Yesterday, the FBI and Justice Department announced the success of yet another mass booter takedown, this time seizing 13 web domains of booter services. In fact, the DOJ says that 10 of those domains were seizures of reincarnated, renamed booters that had also been seized in the previous sweep in December, an action meant to signal to booter operators that they can’t evade law enforcement by merely relaunching their service with a new name and domain. Meanwhile, prosecutors also announced yesterday that four of the six defendants charged in that previous operation have now pleaded guilty.

Honeypots, Google Ads, Knock-and-Talks

Despite their constant communication, the members of Big Pipes and the FBI are careful to note that the internet services with staff members in the group don’t share their users’ private information without going through the usual legal processes of subpoenas and search warrants. Nor does the FBI share private data with Big Pipes, or blindly arrest or search people based on the group’s leads, Peterson says; the FBI investigates the defendants from scratch, treating information from Big Pipes as it would tips from any source. The FBI’s 2018 case against Gatrel, for instance, began with a subpoena to Cloudflare—a DDOS mitigation service Gatrel was ironically using to protect his own booter website—and then search warrants for Gatrel’s Google accounts.

But Peterson says Big Pipes’ work has nonetheless significantly helped him understand who to target in the booter landscape and how to pursue them far more efficiently. “If you take Big Pipes away, could we have worked cases against booter services? Yes,” he says. “But it might have taken a few more years to get to a similar scale.”

The FBI and Big Pipes’ increasing tempo of disruption may well just push booter services deeper into the shadows, rather than eliminating them. But if booter operators stop advertising on the open internet and move to the dark web, for instance, Clayton argues that the move would make it more obvious to their customers that the services are illegal and risky, and thus reduce demand for them.

In fact, he and other members of Big Pipes argue that most booter customers seem to believe—or convince themselves—that merely paying to use one of the services to knock out an adversary’s internet connection isn’t against the law, or at least isn’t an enforceable crime. When the UK’s National Crime Agency (NCA) ran a six-month Google advertising campaign in 2018 to intercept people seeking booter services and warn them about their illegality, Clayton’s research group found that attack traffic in the UK remained flat for those six months, while it increased at its usual pace in other countries.
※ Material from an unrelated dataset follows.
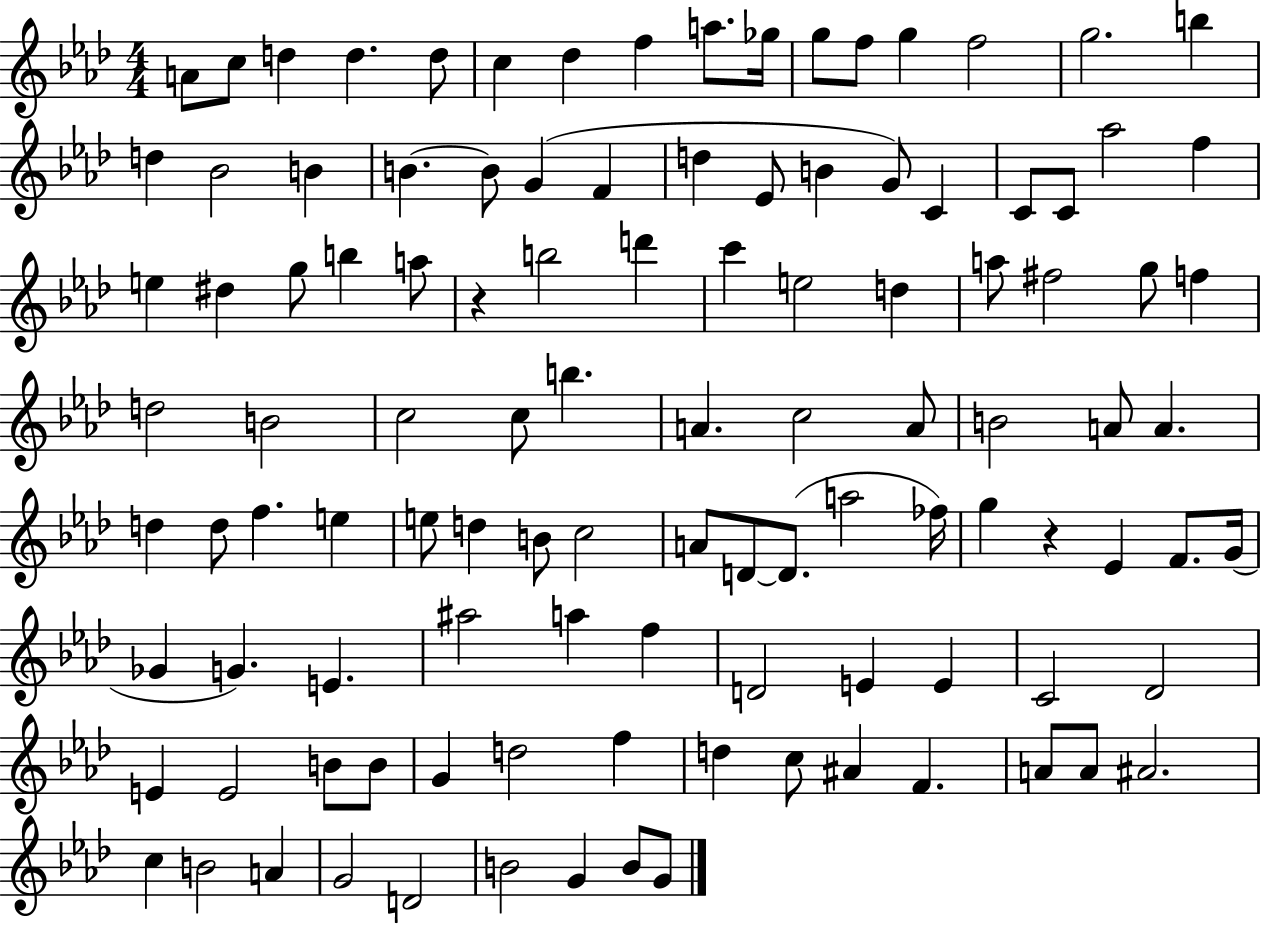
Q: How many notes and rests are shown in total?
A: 110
A graphic created by the FBI and shown as part of a Google ad campaign to dissuade potential customers of booters who may not know the DDOS attack services are illegal.Courtesy of FBI

In the years since, law enforcement agencies seem to have learned from that experiment: The FBI now also buys similar Google advertisements to warn potential booter customers that paying for the services is a crime. The UK’s NCA, meanwhile, has not only launched new advertising campaigns but even run its own fake booter services to identify would-be customers and then send them warnings—sometimes even with in-person visits—about the consequences of paying for criminal DDOS attacks.
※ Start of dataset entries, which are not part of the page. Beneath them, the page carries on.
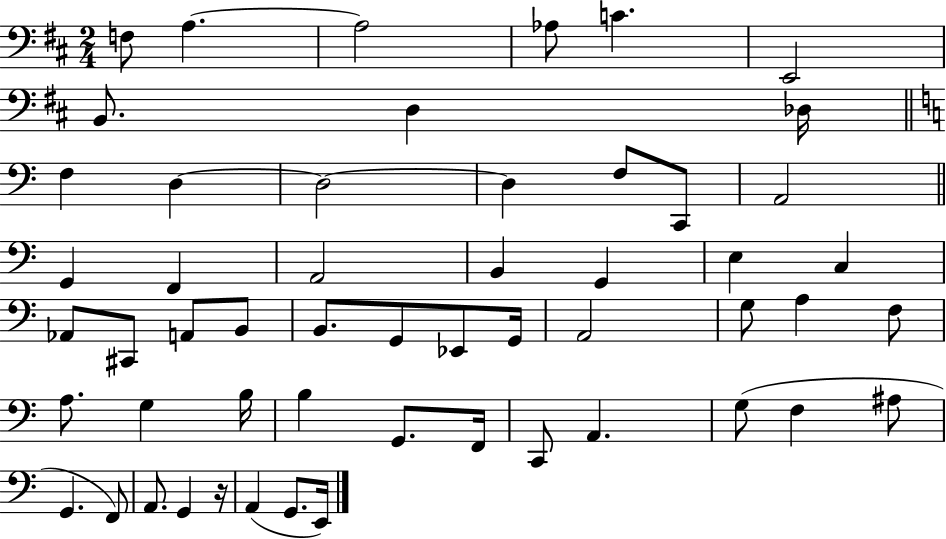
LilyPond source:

{
  \clef bass
  \numericTimeSignature
  \time 2/4
  \key d \major
  f8 a4.~~ | a2 | aes8 c'4. | e,2 | \break b,8. d4 des16 | \bar "||" \break \key a \minor f4 d4~~ | d2~~ | d4 f8 c,8 | a,2 | \break \bar "||" \break \key c \major g,4 f,4 | a,2 | b,4 g,4 | e4 c4 | \break aes,8 cis,8 a,8 b,8 | b,8. g,8 ees,8 g,16 | a,2 | g8 a4 f8 | \break a8. g4 b16 | b4 g,8. f,16 | c,8 a,4. | g8( f4 ais8 | \break g,4. f,8) | a,8. g,4 r16 | a,4( g,8. e,16) | \bar "|."
}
Big Pipes’ Allison Nixon says she hopes that softer tactics like those can intercept would-be booter service operators early, before they start committing felonies: She’s found that most booter operators start as customers before launching their own service. But for people who aren’t dissuaded by those interventions, she says, Big Pipes and its partners at the FBI will still be watching them.

“The hope is that this whole show of force will convince some of them to quit and get a real job,” Nixon says. “We want to send a message that there are people tracking you. There are people paying attention to you. We have our eyes on you, we might get you next. And it might not even be on Christmas.”